Except, we thought we could quantify a recession.  We could talk about the lack of money people had in objective terms.  We set standards, as best as possible.  We could talk about the signs of recession and forecast the loss of jobs, spending power and general economic malaise.

But, economists have coined the term “vibecession” to mean our evaluation of a recession/depression are tinged by our own sense (our vibe) of what is happening.  We can be told objectively that we have reached certain standards of economic ability.  But, in what could be called a “me-cession” (and actually is called this), we determine our own truth about whether we are in a recession based on our own situations.  If you don’t have economic prowess or power, this is a “me-cession”.  And quite literally this will lead to a recession as people determine their own use of their economic “power” based on their own perception of the sustainability of the economy. 

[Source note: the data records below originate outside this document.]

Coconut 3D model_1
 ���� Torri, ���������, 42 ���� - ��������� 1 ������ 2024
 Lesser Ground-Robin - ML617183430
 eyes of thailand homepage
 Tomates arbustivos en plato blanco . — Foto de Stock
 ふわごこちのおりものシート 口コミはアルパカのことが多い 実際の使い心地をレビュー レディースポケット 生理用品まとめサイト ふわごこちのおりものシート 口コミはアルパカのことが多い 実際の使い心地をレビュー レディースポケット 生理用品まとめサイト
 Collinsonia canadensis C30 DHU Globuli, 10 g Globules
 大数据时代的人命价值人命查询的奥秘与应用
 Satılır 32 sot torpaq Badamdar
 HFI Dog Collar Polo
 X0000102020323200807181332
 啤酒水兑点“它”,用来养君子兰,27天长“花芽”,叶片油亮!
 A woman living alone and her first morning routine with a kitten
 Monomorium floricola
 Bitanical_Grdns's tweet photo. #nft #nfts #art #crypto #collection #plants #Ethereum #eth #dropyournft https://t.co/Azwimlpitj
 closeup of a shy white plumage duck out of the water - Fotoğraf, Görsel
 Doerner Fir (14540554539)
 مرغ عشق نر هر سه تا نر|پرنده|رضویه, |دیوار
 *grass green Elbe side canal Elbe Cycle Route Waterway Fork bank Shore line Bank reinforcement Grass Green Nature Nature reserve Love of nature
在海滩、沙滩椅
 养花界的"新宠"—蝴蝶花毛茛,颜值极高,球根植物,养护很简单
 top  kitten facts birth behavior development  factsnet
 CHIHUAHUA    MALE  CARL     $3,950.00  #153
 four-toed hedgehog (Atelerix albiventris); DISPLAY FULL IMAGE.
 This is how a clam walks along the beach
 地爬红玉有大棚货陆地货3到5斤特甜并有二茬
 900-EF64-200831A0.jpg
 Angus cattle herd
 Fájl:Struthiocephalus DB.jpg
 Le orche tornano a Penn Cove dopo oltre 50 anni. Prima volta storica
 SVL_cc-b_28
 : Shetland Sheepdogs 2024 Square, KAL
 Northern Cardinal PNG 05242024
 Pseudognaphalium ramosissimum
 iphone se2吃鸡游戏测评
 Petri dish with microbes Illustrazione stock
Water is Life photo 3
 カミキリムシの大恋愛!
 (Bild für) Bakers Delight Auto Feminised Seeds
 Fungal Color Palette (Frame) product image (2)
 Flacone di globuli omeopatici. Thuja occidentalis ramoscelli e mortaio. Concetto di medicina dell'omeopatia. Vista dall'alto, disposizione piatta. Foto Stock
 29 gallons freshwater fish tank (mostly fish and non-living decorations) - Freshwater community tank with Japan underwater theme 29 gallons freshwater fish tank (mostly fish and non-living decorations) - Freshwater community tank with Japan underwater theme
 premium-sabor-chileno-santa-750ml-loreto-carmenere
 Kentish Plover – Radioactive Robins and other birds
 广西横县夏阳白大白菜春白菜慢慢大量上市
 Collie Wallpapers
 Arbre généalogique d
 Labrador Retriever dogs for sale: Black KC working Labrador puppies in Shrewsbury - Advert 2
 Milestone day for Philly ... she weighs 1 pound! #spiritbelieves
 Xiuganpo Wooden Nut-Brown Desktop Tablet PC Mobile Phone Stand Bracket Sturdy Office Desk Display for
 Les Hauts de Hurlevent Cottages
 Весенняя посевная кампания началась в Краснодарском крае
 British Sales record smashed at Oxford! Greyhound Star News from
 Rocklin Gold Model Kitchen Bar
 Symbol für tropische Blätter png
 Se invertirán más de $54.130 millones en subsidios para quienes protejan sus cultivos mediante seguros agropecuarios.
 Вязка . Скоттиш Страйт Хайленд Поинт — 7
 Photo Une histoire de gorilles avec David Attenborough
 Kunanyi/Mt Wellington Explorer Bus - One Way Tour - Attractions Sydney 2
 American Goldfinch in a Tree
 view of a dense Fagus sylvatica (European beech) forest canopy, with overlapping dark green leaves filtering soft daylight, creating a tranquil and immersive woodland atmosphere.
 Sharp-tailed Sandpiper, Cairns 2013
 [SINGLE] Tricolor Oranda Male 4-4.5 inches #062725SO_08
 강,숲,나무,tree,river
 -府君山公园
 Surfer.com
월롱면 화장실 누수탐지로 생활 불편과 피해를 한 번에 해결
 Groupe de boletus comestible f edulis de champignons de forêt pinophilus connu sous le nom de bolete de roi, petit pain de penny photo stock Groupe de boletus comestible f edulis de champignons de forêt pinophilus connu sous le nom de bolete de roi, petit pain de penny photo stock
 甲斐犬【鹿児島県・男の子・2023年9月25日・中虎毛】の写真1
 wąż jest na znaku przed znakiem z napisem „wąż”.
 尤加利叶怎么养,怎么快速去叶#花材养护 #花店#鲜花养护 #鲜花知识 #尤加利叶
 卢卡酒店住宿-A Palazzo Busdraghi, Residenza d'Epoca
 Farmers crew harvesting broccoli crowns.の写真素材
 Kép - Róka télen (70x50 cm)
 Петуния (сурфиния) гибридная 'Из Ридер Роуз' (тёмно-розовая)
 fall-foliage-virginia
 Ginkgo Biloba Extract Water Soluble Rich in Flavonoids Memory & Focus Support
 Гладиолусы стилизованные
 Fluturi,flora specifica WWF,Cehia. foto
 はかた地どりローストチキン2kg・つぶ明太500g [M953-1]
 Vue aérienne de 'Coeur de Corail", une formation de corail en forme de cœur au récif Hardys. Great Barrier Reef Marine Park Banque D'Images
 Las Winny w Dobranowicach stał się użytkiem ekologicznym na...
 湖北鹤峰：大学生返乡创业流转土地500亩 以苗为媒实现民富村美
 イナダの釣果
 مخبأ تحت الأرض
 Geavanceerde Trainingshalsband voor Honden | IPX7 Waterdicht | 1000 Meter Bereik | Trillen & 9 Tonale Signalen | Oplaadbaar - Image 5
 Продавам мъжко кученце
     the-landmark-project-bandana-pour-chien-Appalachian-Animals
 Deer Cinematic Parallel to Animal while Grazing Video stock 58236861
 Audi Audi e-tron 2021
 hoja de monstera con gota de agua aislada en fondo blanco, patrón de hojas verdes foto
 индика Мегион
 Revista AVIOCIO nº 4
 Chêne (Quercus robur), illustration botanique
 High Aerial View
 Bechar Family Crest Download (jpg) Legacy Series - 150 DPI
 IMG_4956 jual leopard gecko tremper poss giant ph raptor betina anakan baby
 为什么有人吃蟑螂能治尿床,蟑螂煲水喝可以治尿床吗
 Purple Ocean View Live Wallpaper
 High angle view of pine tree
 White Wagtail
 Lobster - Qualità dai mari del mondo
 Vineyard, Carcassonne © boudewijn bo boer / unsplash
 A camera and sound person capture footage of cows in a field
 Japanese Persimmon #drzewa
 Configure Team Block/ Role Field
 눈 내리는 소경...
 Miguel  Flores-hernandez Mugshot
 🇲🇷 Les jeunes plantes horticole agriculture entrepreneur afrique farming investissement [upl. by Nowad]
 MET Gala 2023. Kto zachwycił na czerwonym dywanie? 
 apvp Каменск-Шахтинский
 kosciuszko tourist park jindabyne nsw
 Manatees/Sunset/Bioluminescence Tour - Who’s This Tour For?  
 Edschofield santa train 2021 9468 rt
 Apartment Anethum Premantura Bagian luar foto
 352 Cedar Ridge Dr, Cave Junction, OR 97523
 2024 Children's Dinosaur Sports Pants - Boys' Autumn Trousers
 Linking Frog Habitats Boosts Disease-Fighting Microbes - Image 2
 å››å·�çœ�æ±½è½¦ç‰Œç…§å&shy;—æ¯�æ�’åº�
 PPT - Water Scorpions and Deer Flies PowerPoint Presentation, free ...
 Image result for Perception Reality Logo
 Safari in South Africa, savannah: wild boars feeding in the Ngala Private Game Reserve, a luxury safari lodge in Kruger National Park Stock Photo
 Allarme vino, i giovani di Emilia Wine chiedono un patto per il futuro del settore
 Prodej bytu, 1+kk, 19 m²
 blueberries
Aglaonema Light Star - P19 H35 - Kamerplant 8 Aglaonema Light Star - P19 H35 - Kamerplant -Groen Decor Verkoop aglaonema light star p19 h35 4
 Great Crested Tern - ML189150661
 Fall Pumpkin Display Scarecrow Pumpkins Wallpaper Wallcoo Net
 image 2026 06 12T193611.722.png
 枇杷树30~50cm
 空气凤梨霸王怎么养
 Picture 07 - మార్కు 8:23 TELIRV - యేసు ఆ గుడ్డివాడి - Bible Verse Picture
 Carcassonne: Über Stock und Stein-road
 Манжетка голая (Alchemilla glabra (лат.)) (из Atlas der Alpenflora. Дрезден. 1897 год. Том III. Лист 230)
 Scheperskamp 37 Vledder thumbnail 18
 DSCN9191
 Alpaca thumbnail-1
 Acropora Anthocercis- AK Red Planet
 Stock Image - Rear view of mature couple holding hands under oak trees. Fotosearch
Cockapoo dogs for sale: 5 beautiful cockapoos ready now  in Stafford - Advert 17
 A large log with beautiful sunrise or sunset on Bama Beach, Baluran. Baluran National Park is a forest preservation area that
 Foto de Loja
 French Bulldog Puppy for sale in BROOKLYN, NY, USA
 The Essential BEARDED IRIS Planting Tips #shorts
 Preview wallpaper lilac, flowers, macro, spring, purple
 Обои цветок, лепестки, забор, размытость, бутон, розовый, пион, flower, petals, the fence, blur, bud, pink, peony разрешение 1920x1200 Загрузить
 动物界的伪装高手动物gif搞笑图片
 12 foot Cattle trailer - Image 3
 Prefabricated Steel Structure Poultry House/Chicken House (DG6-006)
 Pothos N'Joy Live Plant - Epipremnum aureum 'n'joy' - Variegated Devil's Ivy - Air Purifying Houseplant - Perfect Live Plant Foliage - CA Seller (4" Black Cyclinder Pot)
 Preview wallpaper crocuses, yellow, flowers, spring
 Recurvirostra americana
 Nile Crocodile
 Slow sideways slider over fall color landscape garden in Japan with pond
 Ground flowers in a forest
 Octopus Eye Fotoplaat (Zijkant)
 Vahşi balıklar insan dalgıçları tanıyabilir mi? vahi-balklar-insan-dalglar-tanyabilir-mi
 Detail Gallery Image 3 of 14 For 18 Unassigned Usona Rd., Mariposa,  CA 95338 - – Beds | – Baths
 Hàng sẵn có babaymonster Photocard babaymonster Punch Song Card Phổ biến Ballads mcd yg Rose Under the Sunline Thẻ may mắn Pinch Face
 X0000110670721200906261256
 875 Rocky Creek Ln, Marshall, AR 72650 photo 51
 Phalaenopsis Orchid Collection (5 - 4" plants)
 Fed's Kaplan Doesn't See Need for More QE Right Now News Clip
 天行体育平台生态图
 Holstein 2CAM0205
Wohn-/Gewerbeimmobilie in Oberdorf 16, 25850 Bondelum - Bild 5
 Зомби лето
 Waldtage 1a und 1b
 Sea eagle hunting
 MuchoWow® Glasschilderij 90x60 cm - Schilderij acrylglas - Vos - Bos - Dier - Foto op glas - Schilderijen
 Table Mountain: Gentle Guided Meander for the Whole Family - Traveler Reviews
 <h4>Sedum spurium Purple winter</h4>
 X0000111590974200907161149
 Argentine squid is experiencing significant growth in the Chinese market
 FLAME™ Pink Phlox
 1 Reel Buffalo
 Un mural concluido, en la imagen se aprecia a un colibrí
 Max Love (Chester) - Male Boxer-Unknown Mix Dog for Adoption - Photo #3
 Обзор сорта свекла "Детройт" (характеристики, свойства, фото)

Tell someone long enough, loud enough, and sincerely enough that they have no economic power and they will believe this.  Or, they will look at their grocery bill, utility bills and determine life is no longer prosperous.  Either way, forecasts of an upturn in the economy can be unhinged by a “vibecession”. 

PS (an old term for a thought after the thought):  This is in part a result of a society that has decided that their own truth is the truth for themselves – but in effect their truth vies with other truths to receive the transcendence in stating “what is truth”.  Which begs the question:  Does truth demand a transcendent “truth” or can we live with splintered “truths”?